# Prove that $F \subset \sigma L$ is also radical.

Suppose that we have finite extensions $F \subset L \subset M$ and $\sigma \in Gal(M/F)$ and assume that $F \subset L$ is radical. Prove that $F \subset \sigma L$ is also radical.

Since the extension $F \subset L$ is radical, there exist $\alpha_1, \dots , \alpha_n \in \overline{F}$ such that

$i) \ L =F( \alpha_1, \dots , \alpha_n)$

$ii) \ \alpha_1$is a root of the polynomial $t^{l_1} - a_1 \in F[t]$

$iii)$ For $2 \leq i \leq n, \alpha_i$ is a root of $t^{l_i}-a_i \in F(\alpha_1, \dots , \alpha_{i-1})[t]$

Now to prove that $F\subset \sigma L$ is radical, I started by taking $\sigma(\alpha_1),\dots ,\sigma(\alpha_n)$ and showing that they satisfy $i), ii)$ and $iii)$. For $i)$, since $F \subset L$ is radical,

$$\sigma L = \sigma F(\alpha_1, \, \dots, \alpha_n) = F(\sigma(\alpha_1,\dots,\alpha_n))$$

because $\sigma$ leaves $F$ fixed. Now to prove $ii)$, I need to show that $\sigma(\alpha_1)$ is a root of $t^{l_1}-a_1$. But since $\sigma(a_i)=a_i$ because $a_i \in F$, then

$$(\sigma(\alpha_1))^{l_1}-a_1= \sigma(\alpha^{l_1})-\sigma(a_1)=\sigma(\alpha^{l_1}-a_1)=\sigma(0)=0$$

But I'm stuck on proving $iii)$ (considering that the arguments above are tru, which I'm not particularly convinced of). So if anyone could give me any hints or show me the correct way to prove this, I'd be grateful. Thanks in advance!

Your work is correct.
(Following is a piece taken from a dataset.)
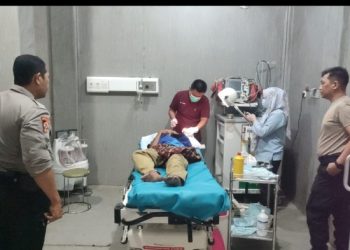 Geger! Pensiunan PNS Ditemukan Bersimbah Darah di Trotoar, SPKT Polres Barru Bergerak Cepat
To prove $iii)$, note that if $\alpha_k$ is radical over $L_{k-1} = F(\alpha_1, \alpha_2, \ldots, \alpha_{k-1})$, then $\sigma(\alpha_k)$ is radical over $\sigma L_{k-1}$ where $\sigma \in \textrm{Gal}(M/F)$. This is because there exists a polynomial $X^q - a_k \in L_{k-1}[X]$ which has $\alpha_k$ as a root. But on the other hand, if $a_k \in L_{k-1}$ then $\sigma(a_k) \in \sigma L_{k-1}$, and we have $0 = \sigma(0) = \sigma(\alpha_k^q - a_k) = \sigma(\alpha_k)^q - \sigma(a_k)$ so that $\sigma(\alpha_k)$ is a root of $X^q - \sigma(a_k) \in \sigma L_{k-1}[X]$.